Your task —
Set down exactly the lines running from the line with "this 450×320 image." to the end of the listing below, both ends included.
>>>
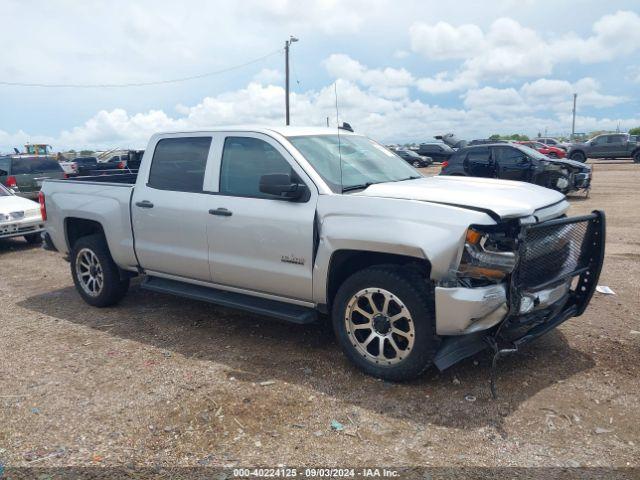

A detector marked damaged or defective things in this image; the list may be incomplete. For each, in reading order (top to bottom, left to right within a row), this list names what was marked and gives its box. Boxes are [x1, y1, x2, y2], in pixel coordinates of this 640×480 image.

broken headlight [458, 228, 516, 282]
damaged front end [430, 210, 604, 372]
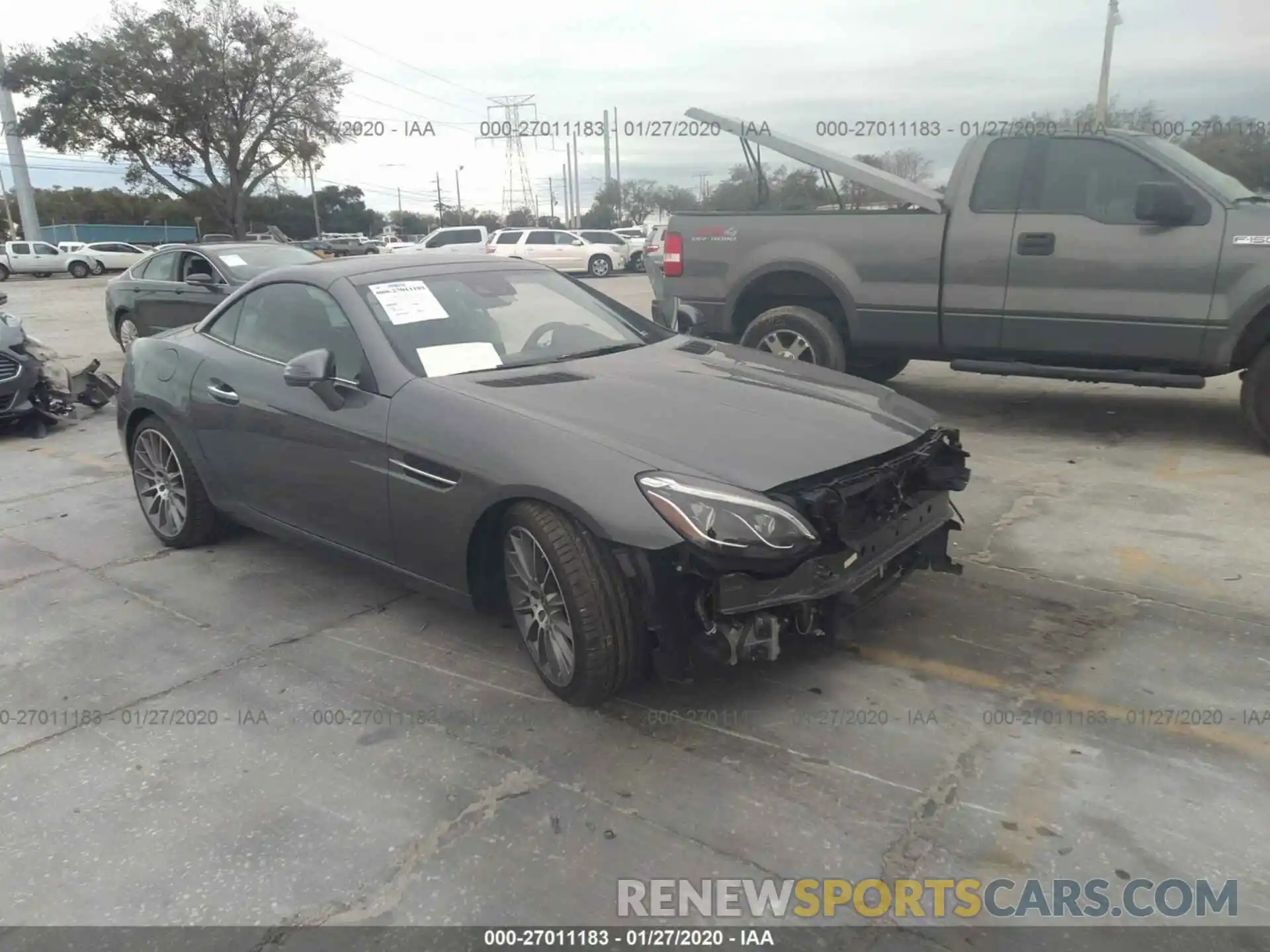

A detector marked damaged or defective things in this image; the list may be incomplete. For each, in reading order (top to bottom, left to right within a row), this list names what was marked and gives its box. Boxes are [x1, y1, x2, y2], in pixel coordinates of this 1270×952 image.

cracked concrete lot [2, 274, 1270, 936]
destroyed headlight assembly [640, 471, 820, 555]
crumpled front bumper [714, 487, 963, 614]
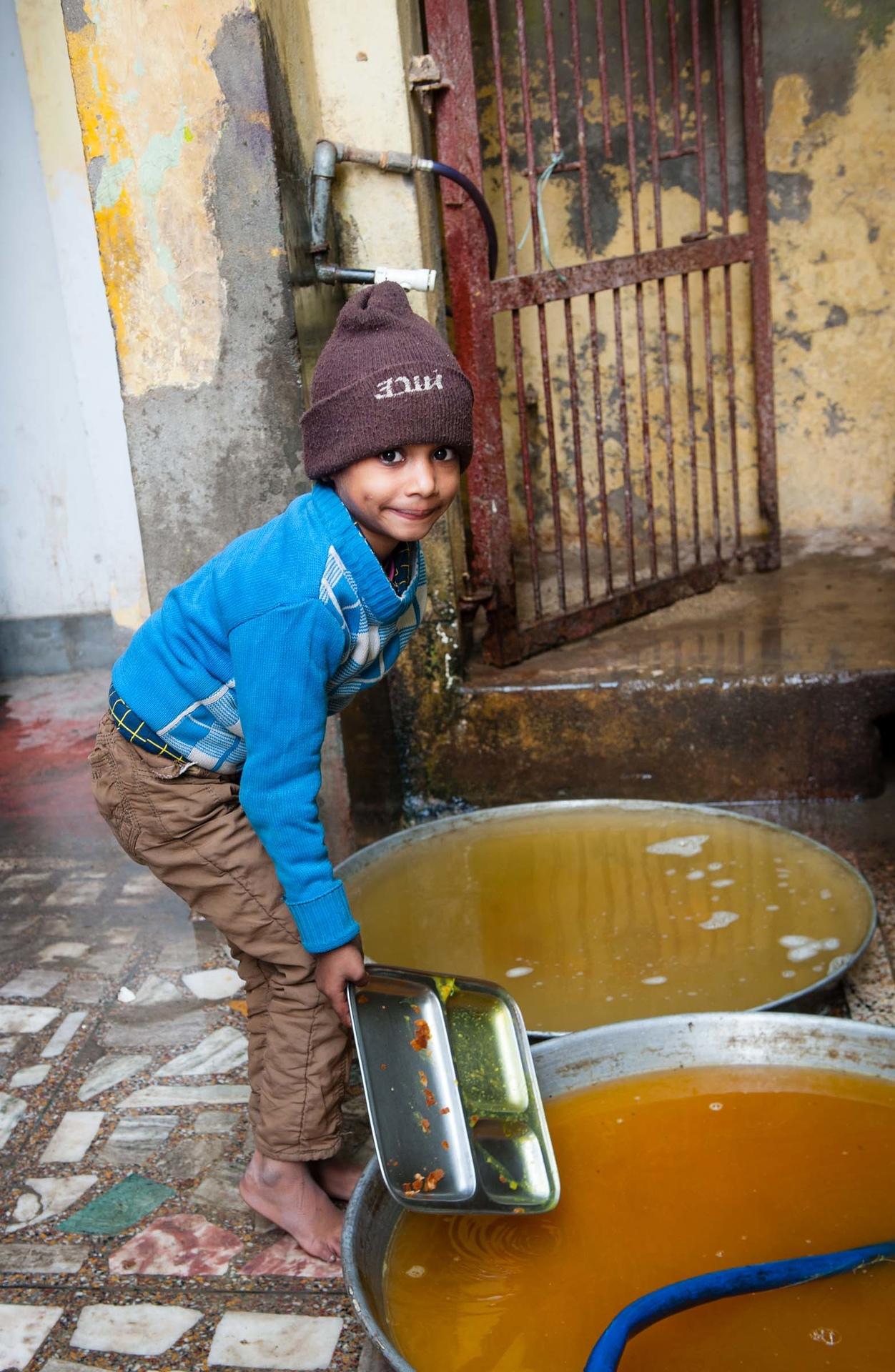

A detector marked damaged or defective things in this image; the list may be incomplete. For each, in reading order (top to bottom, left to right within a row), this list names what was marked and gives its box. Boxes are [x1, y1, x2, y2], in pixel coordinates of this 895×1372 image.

rusty iron gate [420, 0, 778, 666]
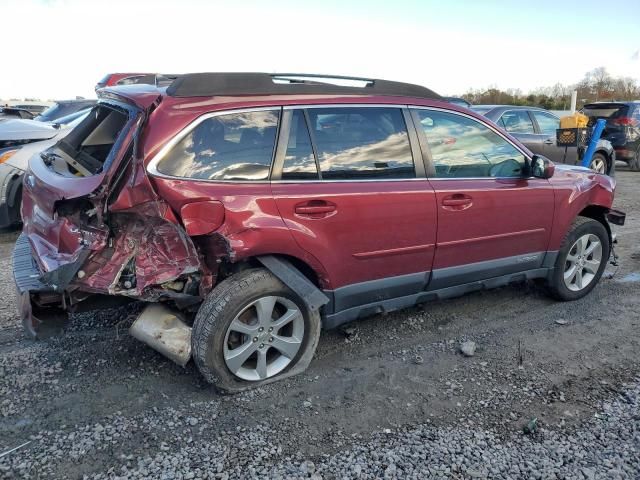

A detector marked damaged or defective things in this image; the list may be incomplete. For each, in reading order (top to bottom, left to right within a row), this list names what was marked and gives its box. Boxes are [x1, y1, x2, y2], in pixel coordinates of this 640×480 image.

rear end damage [15, 94, 210, 342]
damaged red car [13, 73, 624, 392]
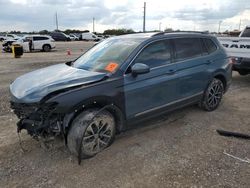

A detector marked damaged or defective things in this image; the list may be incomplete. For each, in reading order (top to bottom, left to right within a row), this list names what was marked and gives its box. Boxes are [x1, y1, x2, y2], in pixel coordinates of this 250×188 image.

damaged dark gray suv [9, 32, 232, 159]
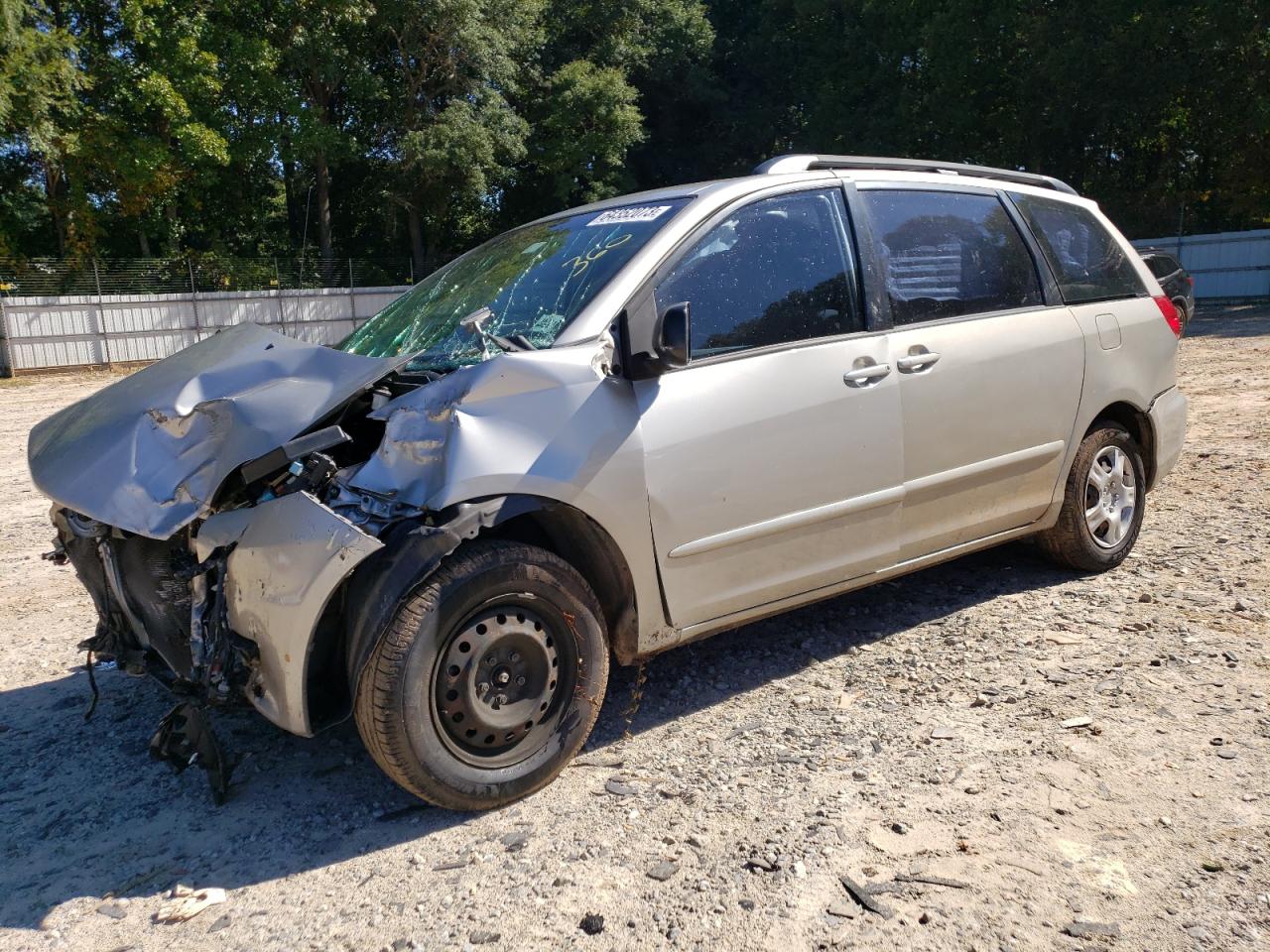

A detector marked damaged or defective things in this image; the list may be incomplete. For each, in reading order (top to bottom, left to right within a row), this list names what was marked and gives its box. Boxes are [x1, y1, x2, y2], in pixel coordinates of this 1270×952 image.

shattered windshield [337, 197, 691, 368]
crumpled hood [28, 324, 396, 540]
damaged silver minivan [27, 157, 1189, 812]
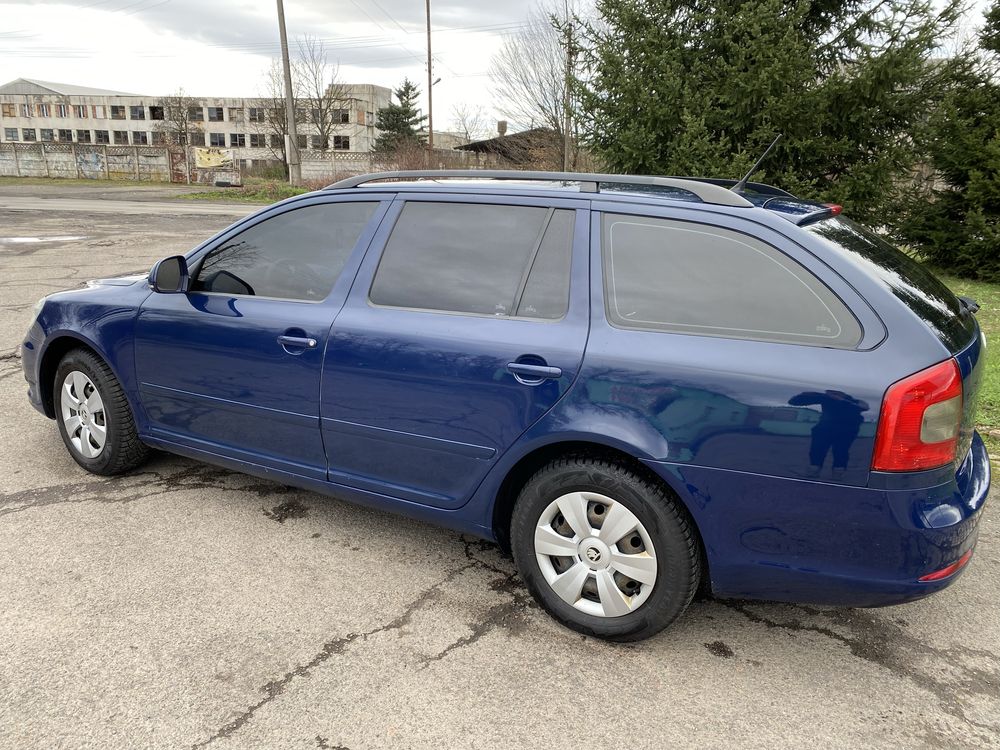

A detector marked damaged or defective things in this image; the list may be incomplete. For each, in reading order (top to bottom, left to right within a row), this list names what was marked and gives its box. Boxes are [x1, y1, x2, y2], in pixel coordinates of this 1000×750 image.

cracked asphalt [1, 184, 1000, 750]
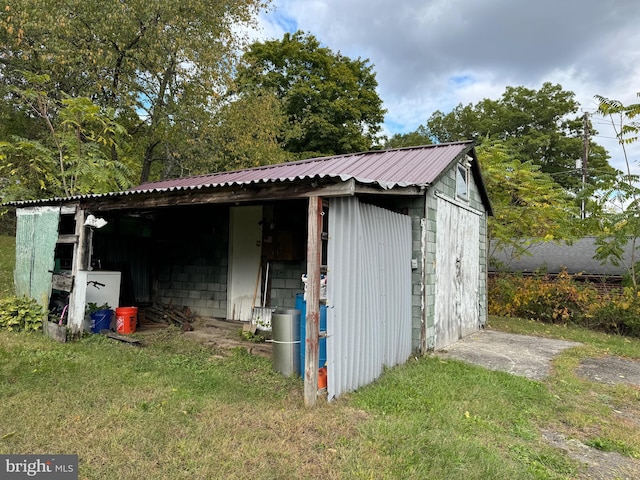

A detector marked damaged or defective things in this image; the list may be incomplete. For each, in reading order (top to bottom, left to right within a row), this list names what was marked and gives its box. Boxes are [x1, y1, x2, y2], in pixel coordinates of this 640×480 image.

rusted roof [134, 142, 476, 193]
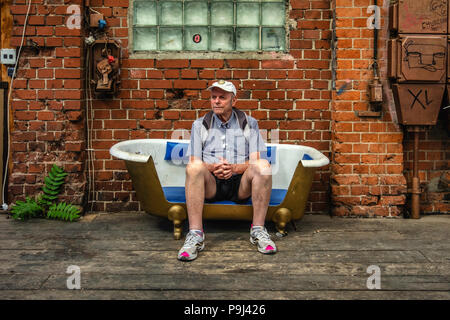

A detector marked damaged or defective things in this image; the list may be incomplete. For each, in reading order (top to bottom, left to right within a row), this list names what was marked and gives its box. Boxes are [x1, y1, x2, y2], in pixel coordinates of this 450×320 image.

rusty metal box [396, 0, 448, 34]
rusted metal panel [400, 0, 448, 33]
rusty metal box [386, 35, 446, 82]
rusted metal panel [398, 35, 446, 82]
rusted metal panel [392, 83, 444, 125]
rusty metal box [392, 83, 444, 125]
<<<
Problem solution —
A detector marked damaged or defective things in this image; the list may be incomplete. For each, in reading order (top to bottom, left to right within a row), this list names what was marked and gives its box. Boxes are [x1, y1, x2, y2], in pixel coordinates of this 450×320 image.

rusty metal box [396, 0, 448, 34]
rusted metal panel [400, 0, 448, 33]
rusty metal box [386, 35, 446, 82]
rusted metal panel [398, 35, 446, 82]
rusted metal panel [392, 83, 444, 125]
rusty metal box [392, 83, 444, 125]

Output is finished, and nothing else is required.